Impact on Inflation and Purchasing Power
Almost half of the commodities imported by the Eurozone in 2020 were invoiced in the greenback, with less than 40% being invoiced in euros.
Image Source: Eurostat
For instance, gas and oil have always been paid for in USD. Crude oil has seen record high prices in 2022, driven by the supply constraints brought on by the Russia-Ukraine conflict. Although prices have dropped from their peak of $123 per barrel in early March 2022, they continue to hover between $80 and $100. With the euro weakening below the US dollar, citizens of the EU will feel the brunt of high oil and gas prices.
High fuel prices have a direct impact on other goods, which need to be transported from their manufacturing facilities to the markets. The impact of this will be felt by businesses, which will attempt to pass on the increased costs to customers. This could fuel inflation and reduce the purchasing power of households.
On the other hand, European tourism to the US has dampened. Since European visitors have to pay more euros to purchase an equivalent amount in US dollars, their trips to the US have become more expensive. Their trips to countries like Jordan and Qatar, the currencies of which are pegged to the dollar, also cost more now.
Impact on Businesses
The impact of a weak euro on a business will depend on how much it relies on foreign trade and energy. Businesses that export outside the Eurozone are likely to benefit from a decline in the euro’s value. Conversely, import-dependent businesses are likely will to see rising expenses. For example, local craftsmen who depend on energy and raw materials imported from outside the EU but don’t export will find their businesses being adversely affected by the weaker euro.
The export-oriented manufacturing sectors that are likely to benefit from a weak euro are chemicals, luxury goods, automobile and aerospace. Major players from these sectors buy foreign currency in advance at profitable rates to beat the impact of any sharp changes in the exchange rate.
Impact on Growth and Debt
As prices outside the Eurozone become more competitive, due to the drop in the value of the euro, the export of European services and goods abroad will get a boost.
However, this advantageous impact may be mitigated by the increasing prices of goods in the wake of the Russia-Ukraine crisis. This especially applies to export-oriented economies like Germany.
On the other hand, the impact on debt repayment is less explicit. The faster a country experiences economic growth, the sooner it is likely to be able to repay its debt. However, the euro’s weakness increases the cost of debt repayment for countries that need to repay debt in US dollars.

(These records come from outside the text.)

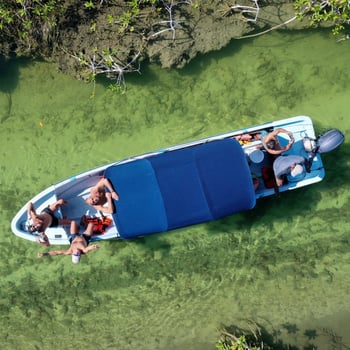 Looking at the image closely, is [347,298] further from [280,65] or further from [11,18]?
[11,18]

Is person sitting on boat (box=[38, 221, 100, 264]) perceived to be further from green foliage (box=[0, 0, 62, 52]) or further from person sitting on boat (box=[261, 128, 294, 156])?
green foliage (box=[0, 0, 62, 52])

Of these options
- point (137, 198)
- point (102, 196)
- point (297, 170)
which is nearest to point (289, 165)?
point (297, 170)

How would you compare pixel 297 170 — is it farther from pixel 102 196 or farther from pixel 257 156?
pixel 102 196

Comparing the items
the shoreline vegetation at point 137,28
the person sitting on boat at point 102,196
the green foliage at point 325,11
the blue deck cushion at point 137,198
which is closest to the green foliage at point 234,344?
the blue deck cushion at point 137,198

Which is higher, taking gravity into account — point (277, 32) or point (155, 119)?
point (277, 32)

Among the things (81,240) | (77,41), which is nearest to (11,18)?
(77,41)

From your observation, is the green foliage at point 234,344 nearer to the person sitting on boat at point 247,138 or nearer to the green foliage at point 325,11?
the person sitting on boat at point 247,138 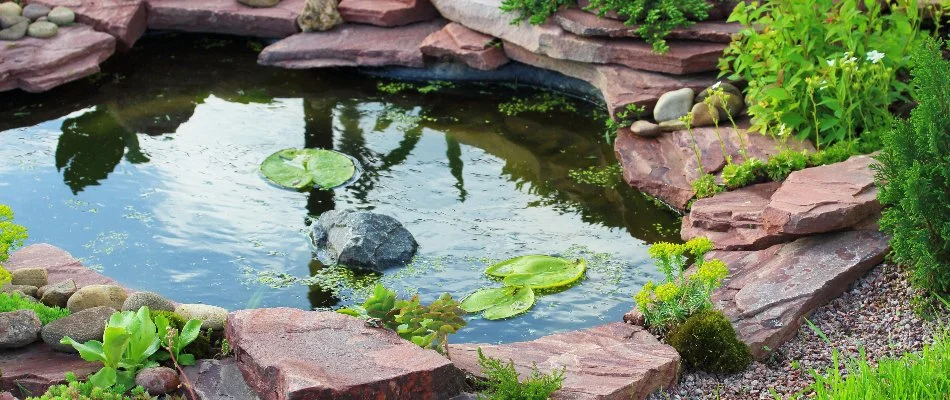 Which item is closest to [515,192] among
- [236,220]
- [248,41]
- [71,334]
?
[236,220]

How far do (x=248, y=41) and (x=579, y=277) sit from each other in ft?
19.4

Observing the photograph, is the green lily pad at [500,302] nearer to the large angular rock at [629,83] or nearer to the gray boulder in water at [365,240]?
the gray boulder in water at [365,240]

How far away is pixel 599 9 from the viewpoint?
936cm

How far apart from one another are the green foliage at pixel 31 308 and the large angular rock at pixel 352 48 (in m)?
5.43

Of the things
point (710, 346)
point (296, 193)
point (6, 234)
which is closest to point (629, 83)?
point (296, 193)

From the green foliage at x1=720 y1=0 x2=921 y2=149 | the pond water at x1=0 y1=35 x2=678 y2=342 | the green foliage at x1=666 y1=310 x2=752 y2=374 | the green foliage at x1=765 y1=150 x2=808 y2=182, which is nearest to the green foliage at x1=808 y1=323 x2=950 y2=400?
the green foliage at x1=666 y1=310 x2=752 y2=374

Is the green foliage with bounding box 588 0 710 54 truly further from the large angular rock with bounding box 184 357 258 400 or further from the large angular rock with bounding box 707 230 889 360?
the large angular rock with bounding box 184 357 258 400

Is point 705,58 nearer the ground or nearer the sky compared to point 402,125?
nearer the sky

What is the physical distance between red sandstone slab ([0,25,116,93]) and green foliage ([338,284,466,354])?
5.89 metres

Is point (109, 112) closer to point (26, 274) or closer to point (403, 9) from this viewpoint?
point (403, 9)

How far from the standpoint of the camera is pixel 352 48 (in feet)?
34.8

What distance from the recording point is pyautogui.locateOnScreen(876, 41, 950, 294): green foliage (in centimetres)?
559

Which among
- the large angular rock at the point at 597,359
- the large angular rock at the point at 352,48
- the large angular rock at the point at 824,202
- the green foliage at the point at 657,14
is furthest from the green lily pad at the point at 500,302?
the large angular rock at the point at 352,48

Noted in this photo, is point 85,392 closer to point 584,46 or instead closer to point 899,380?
point 899,380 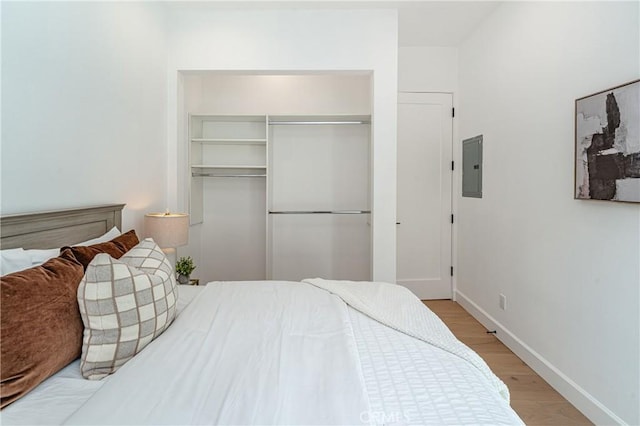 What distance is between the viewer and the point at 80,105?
1824 mm

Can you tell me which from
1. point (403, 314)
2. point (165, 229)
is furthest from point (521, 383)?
point (165, 229)

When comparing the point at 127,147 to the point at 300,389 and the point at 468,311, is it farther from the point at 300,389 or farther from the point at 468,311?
the point at 468,311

A weak euro adds to the challenges being faced by the European Central Bank (ECB), which has already been facing criticism for raising interest rates much later than other major central banks. The problem now is that the euro’s decline is becoming more broad-based than just against the dollar. The common currency of the EU has also weakened against the Japanese yen and Swiss franc. This adds to the inflation worries for the ECB.
It only remains to be seen how far the euro could drop and its impact on the already pessimistic investor sentiment.